Exercise brief - Set down all of the data that follows word for word, without the images.

Records drawn from a dataset
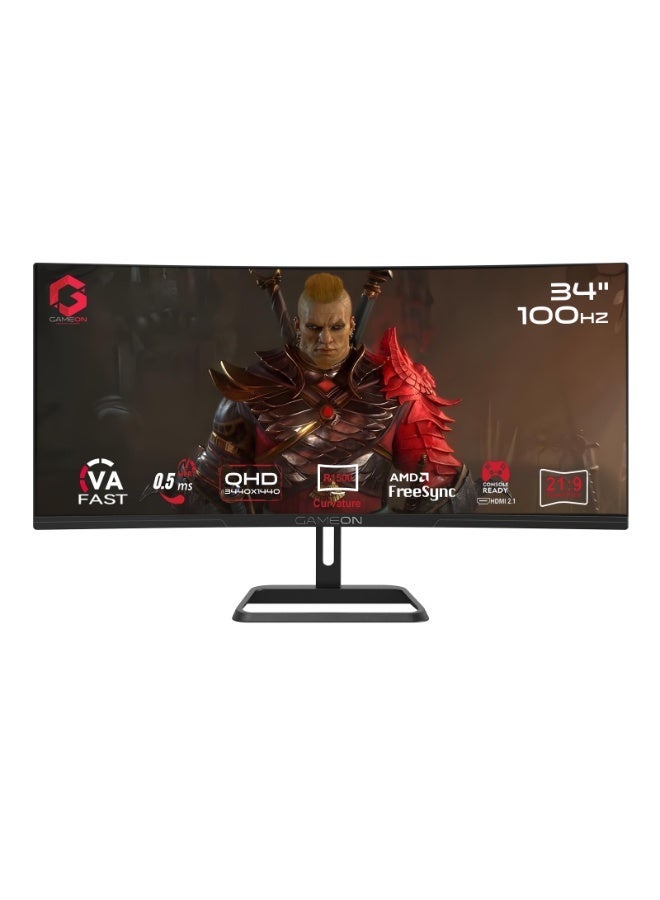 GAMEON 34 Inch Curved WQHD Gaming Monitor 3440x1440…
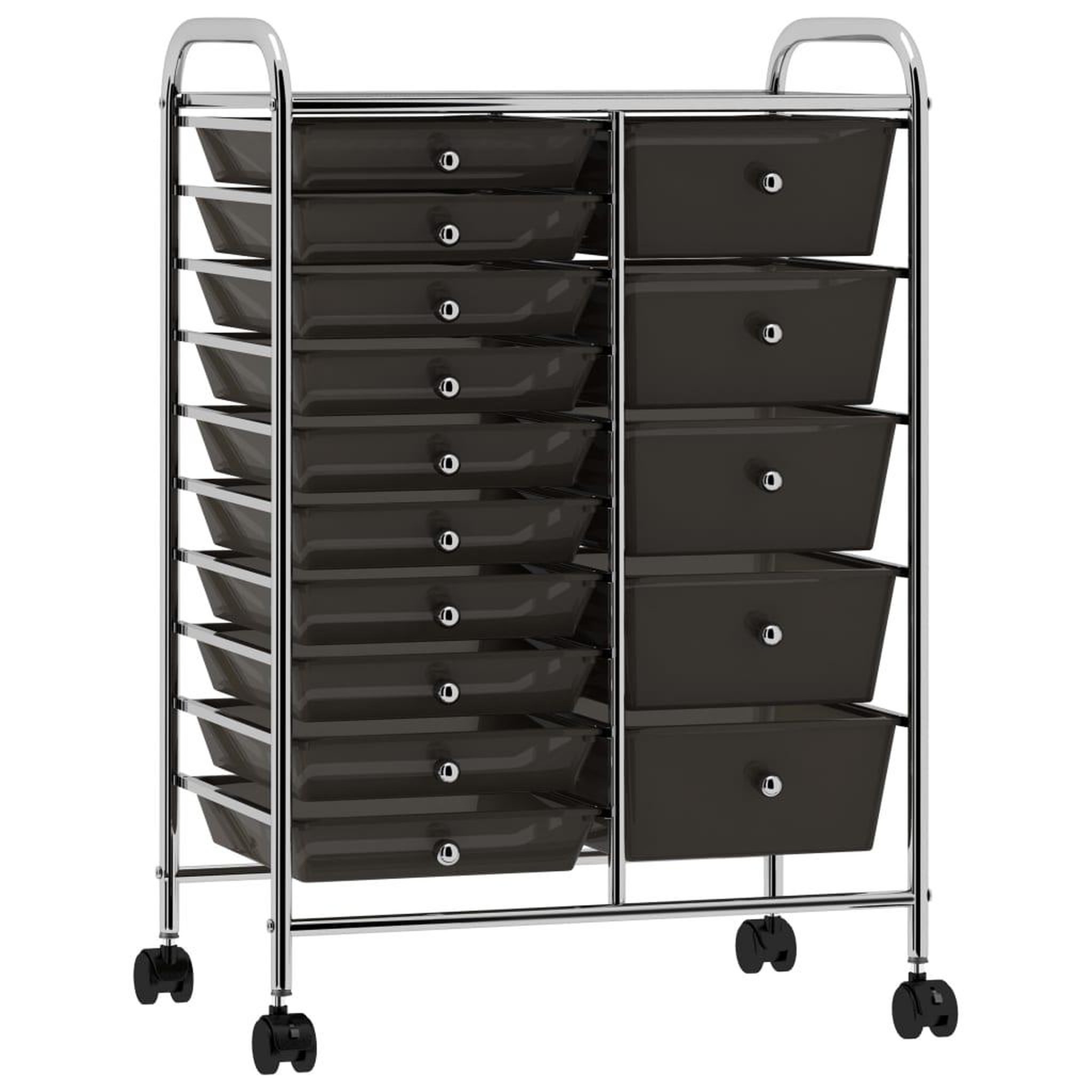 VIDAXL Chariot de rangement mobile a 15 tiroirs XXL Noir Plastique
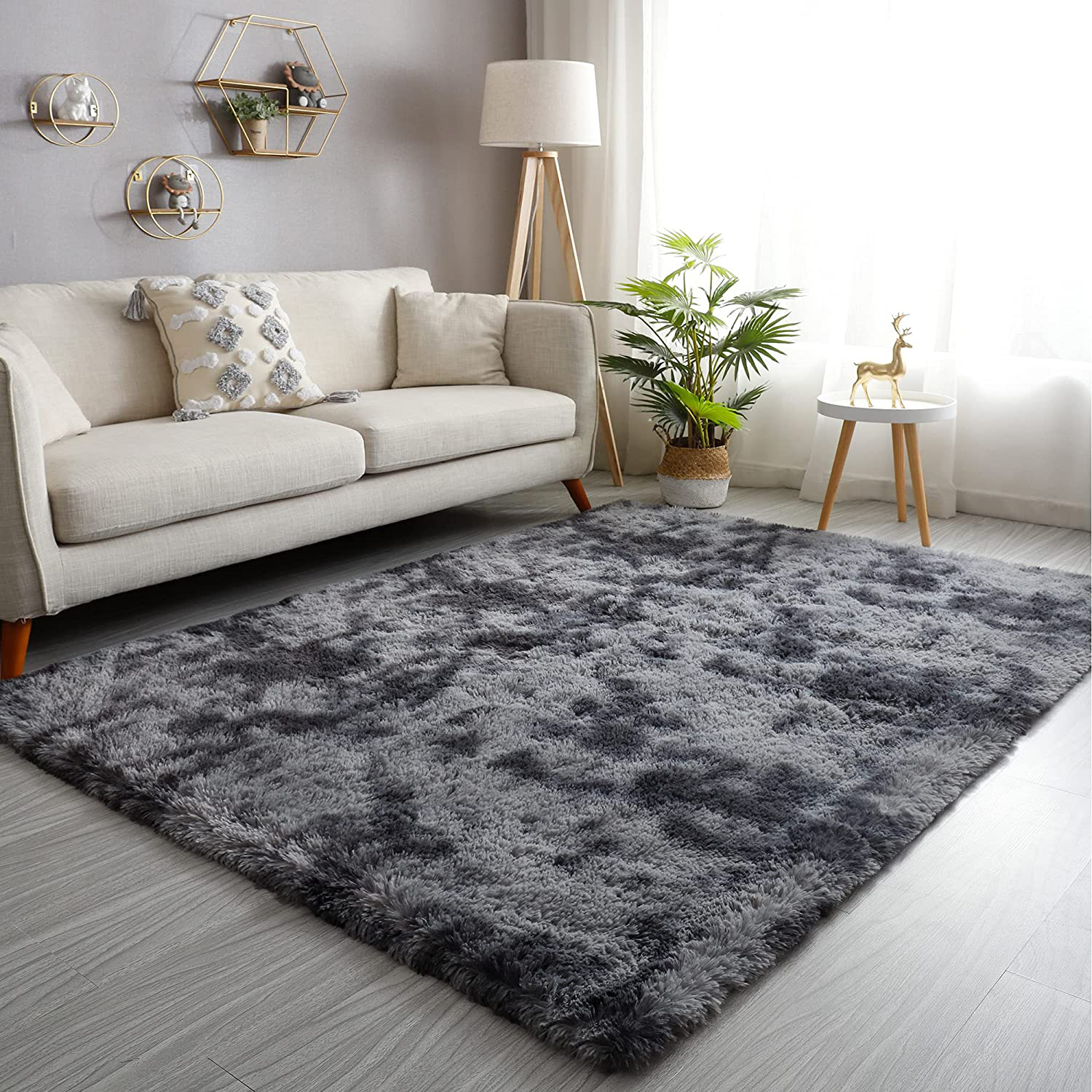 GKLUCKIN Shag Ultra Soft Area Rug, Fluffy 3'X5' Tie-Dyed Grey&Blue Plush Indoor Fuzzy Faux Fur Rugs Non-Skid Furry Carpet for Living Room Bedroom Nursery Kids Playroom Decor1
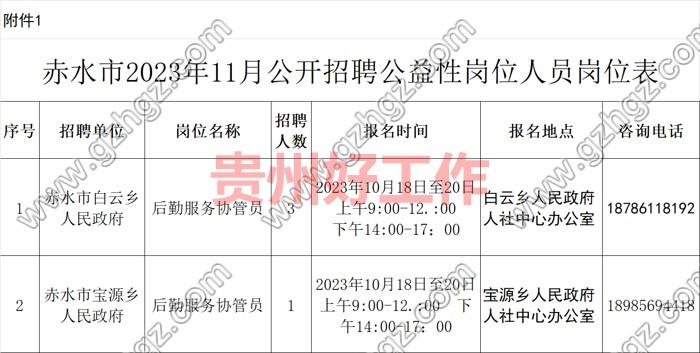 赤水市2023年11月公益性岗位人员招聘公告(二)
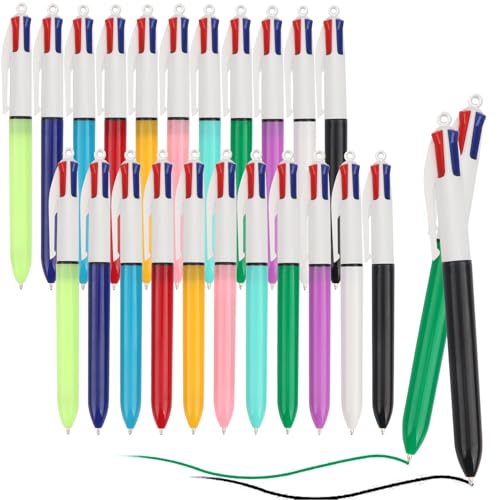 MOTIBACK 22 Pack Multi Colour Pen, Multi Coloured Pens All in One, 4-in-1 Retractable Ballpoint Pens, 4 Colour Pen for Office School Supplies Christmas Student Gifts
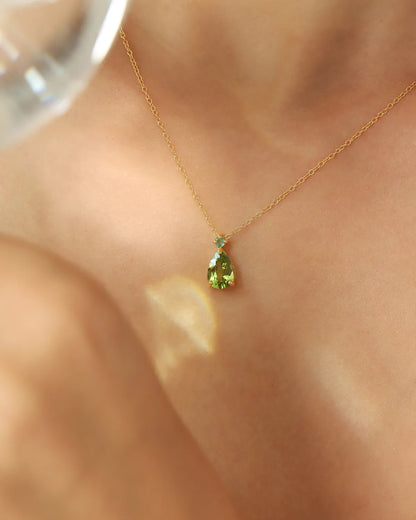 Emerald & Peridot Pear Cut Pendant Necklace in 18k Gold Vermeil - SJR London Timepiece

Solved exercise -
 GAMEON 34 Inch Curved WQHD Gaming Monitor 3440x1440…
 VIDAXL Chariot de rangement mobile a 15 tiroirs XXL Noir Plastique
 GKLUCKIN Shag Ultra Soft Area Rug, Fluffy 3'X5' Tie-Dyed Grey&Blue Plush Indoor Fuzzy Faux Fur Rugs Non-Skid Furry Carpet for Living Room Bedroom Nursery Kids Playroom Decor1
 赤水市2023年11月公益性岗位人员招聘公告(二)
 MOTIBACK 22 Pack Multi Colour Pen, Multi Coloured Pens All in One, 4-in-1 Retractable Ballpoint Pens, 4 Colour Pen for Office School Supplies Christmas Student Gifts
 Emerald & Peridot Pear Cut Pendant Necklace in 18k Gold Vermeil - SJR London Timepiece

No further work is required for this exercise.